Auf den T-Shirts der Demonstranten vor einer großen Uniklinik war "Kranke Schwester" zu lesen. Die Statistiken zeigen: Pflegende gehören zu den Berufsgruppen mit den meisten Arbeitsunfähigkeitstagen wegen psychischer Erkrankungen.
Kein Wunder, wenn man bedenkt, was von den Krankenschwestern erwartet wird: Zwei Drittel müssen schwerer heben als ein Bauarbeiter, drei Viertel absolvieren Schichtdienst, viele haben ein Überstundenkonto, das sie gar nicht mehr abbauen können – ganz zu schweigen von der hohen psychischen und physischen Belastung. Denn die "Minutenpflege" gibt vor: schnell waschen, anziehen, die Gabe der Tabletten überwachen, wenige Worte wechseln und zum nächsten Patient.
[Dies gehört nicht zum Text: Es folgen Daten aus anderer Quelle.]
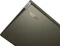 Lenovo Yoga Slim 7 14ITL05, Dark Moss, Core i5-1135G7, 16GB RAM, 1TB SSD, DE Vorschaubild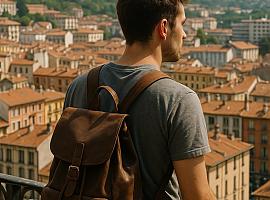 Solo 4 de cada 10 asturianos están plenamente satisfechos con vivir en Asturias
Altenpflegerinnen fallen für mehr als 25 Tage aus
Der oft als würdelos empfundene Umgang mit Patienten im Krankenhaus findet seine Ursache vor allem in der ökonomisch bedingten Überlastung des Pflegepersonals. Beim Personalschlüssel in der Krankenpflege liegt Deutschland zusammen mit Spanien europaweit an letzter Stelle. In Norwegen teilen sich vier Patienten eine Pflegekraft, in Deutschland sind es zehn. Abhängig Beschäftigte sind im Schnitt zwölf Tage im Jahr krank, Pflegende 19. Altenpflegerinnen fallen sogar durchschnittlich für mehr als 25 Tage aus – so der Gesundheitsreport der Techniker Krankenkasse. Auch die Fluktuation ist in diesem Beruf überdurchschnittlich hoch.
Wer heute vom drohenden Pflegenotstand spricht, muss sich nicht vorwerfen lassen, den Teufel an die Wand zu malen. Ab 2025 werden die ersten Babyboomer in Rente gehen. Dann wird noch sehr viel mehr Personal für die Pflege gebraucht. Das will vorausschauend geplant und finanziert sein.
Ein viel zu wenig wertgeschätzter Beruf
Die Politik ist gefordert – jetzt! Sie muss Geldmittel umverteilen, um den Personalschlüssel im Interesse der Menschen zu verbessern. Ich selbst habe als junger Arzt in Kiel von einer Krankenschwester das schmerzarme Geben von Spritzen gelernt. Krankenschwester und Krankenpfleger sind leider bis heute ein in der Medizin noch viel zu wenig wertgeschätzter Beruf.